[Problem requirements]:
Write every line of the material again exactly, with no pictures in the copy.

Start of Stored data

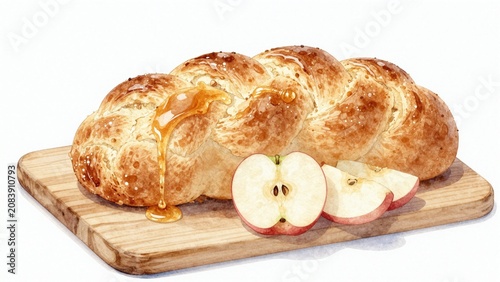 Round challah bread with honey and apples, watercolor illustration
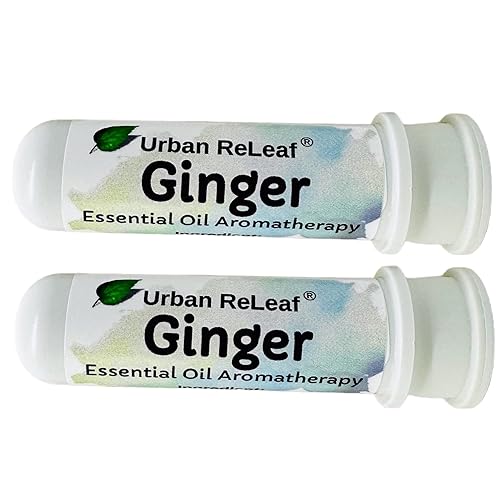 Urban ReLeaf Ginger Essential Oil Aromatherapy Nasal Inhalers, Set of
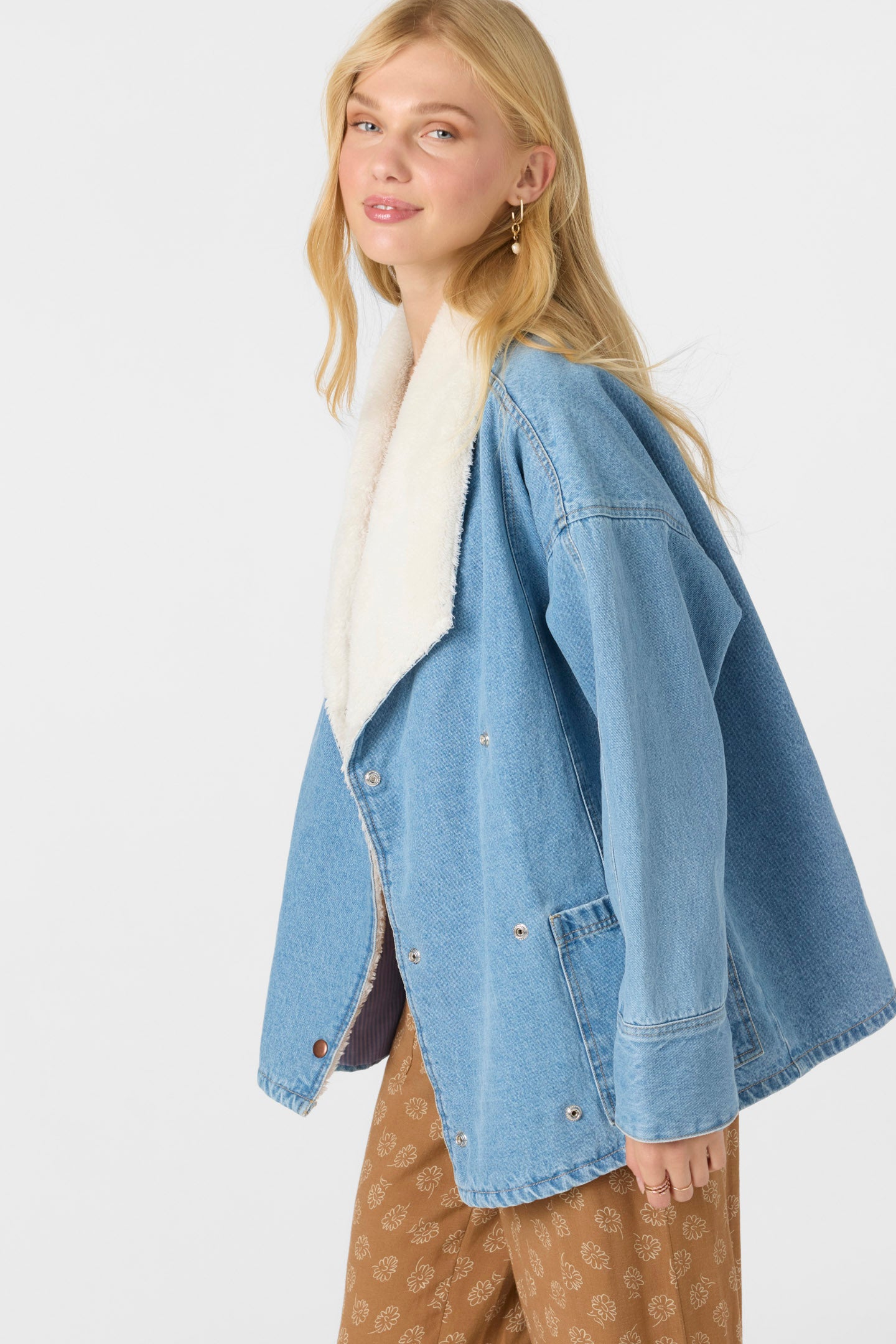 KORBYN HIGH PILE LINED DENIM JACKET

End of Stored data

[Answer to the exercise]:
 Round challah bread with honey and apples, watercolor illustration
 Urban ReLeaf Ginger Essential Oil Aromatherapy Nasal Inhalers, Set of
 KORBYN HIGH PILE LINED DENIM JACKET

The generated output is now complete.